Today is bringing feelings. Feelings of longing and desire. Questions arise in my mind. I want to change the way things are at present. Things that are not in my control.
Meditation is helpful when I am on emotional overload, but I usually end up having a lazy day. Today I have responsibilities, I must show up and be there for others.
In the end that usually turns out for the best, but the thought and anticipation gets to me initially. I want to dive in head first to my desires. But I hold some fear still.
I read somewhere that the things you fear doing the most are the things you probably need to do the most. Fear is a feeling that I know, but it’s not one I handle well. I tend to either run away or ignore the “danger” and things happen.

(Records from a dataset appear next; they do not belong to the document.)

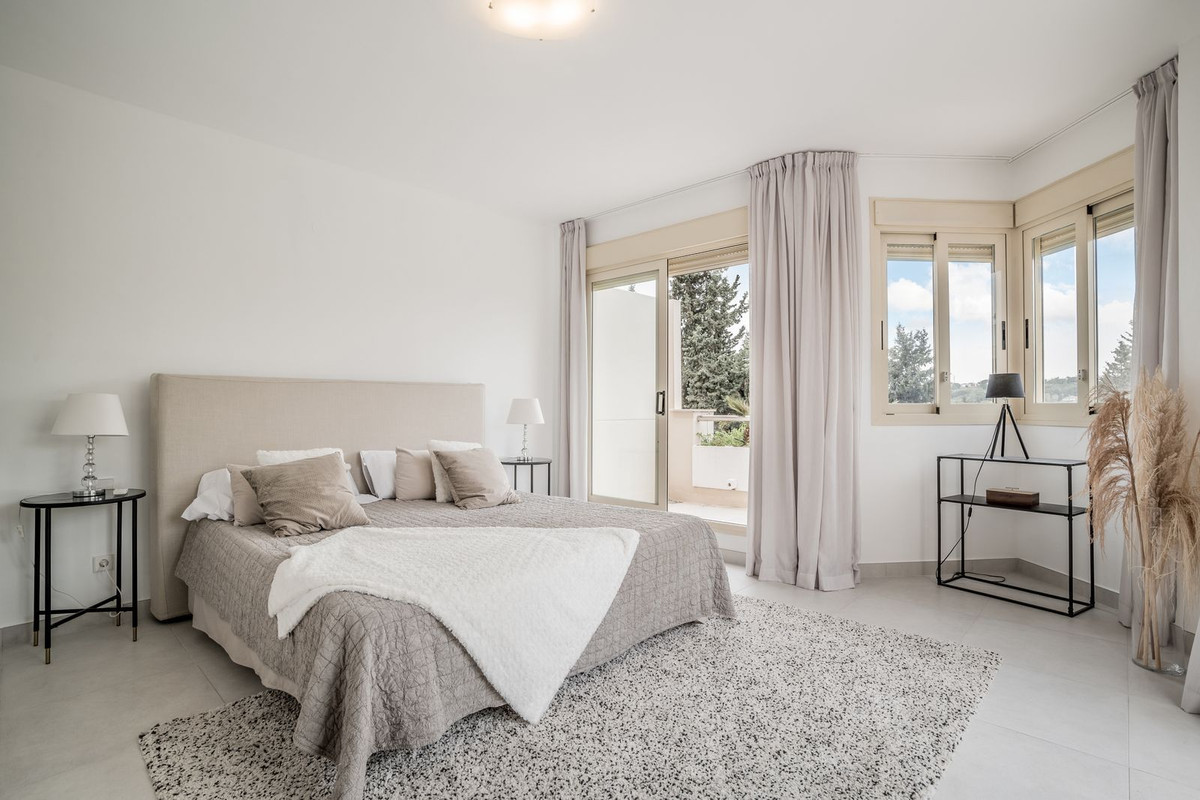 3 Bed Apartment for sale in Nueva Andalucía Costa Del Sol, Málaga, Spain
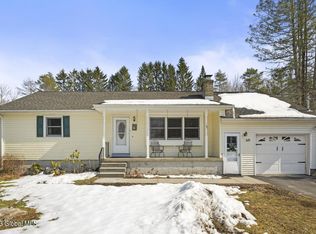 145 Ashdown Rd, Ballston Lake, NY 12019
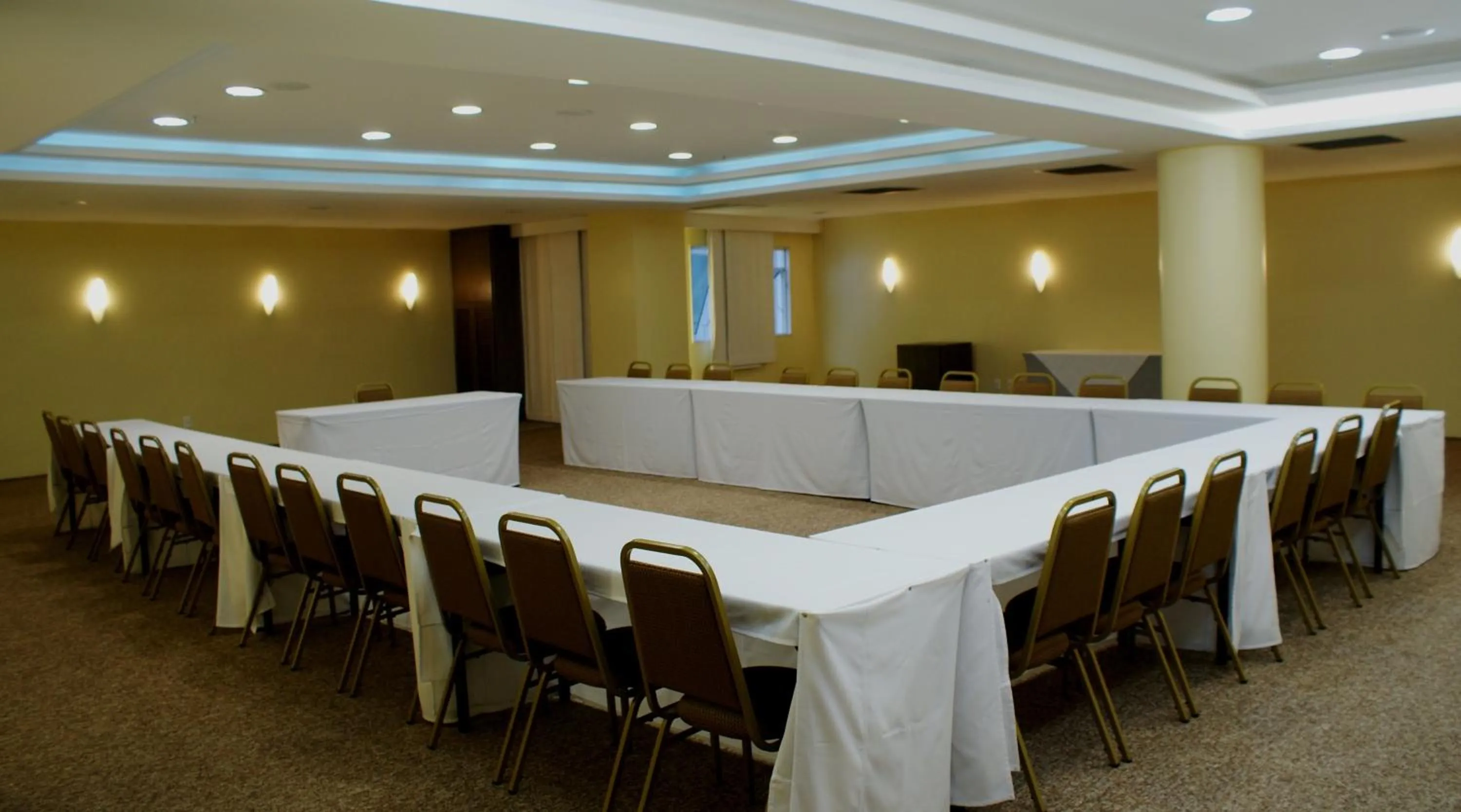 Meeting/conference room in Tropical Barra Hotel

There have been times when things have worked out, but there’s just no way of knowing… I just wish I had answers.
I am an Empath and I can read people, I get the things that aren’t said. I get things people try to hide. I go through life on feelings. I know feelings it’s my thing. I run into people and situations that need logic… I am logical but my actions do not always prove that. Honestly I feel like logic gets in the way! Logical thinking puts up blocks in my head. It may seem childish or whatever, but I want to/do believe that I can create my reality by the power of the law of attraction. I must learn to let the fear go, if I don’t the fear will continue to cause my desires to not show up…
Okay so that kinda went in a completely different direction than expected. But I am feeling better about my desires and that they will come to be. I do wish I had more answers or that I had a different “power” in the process of creating my reality.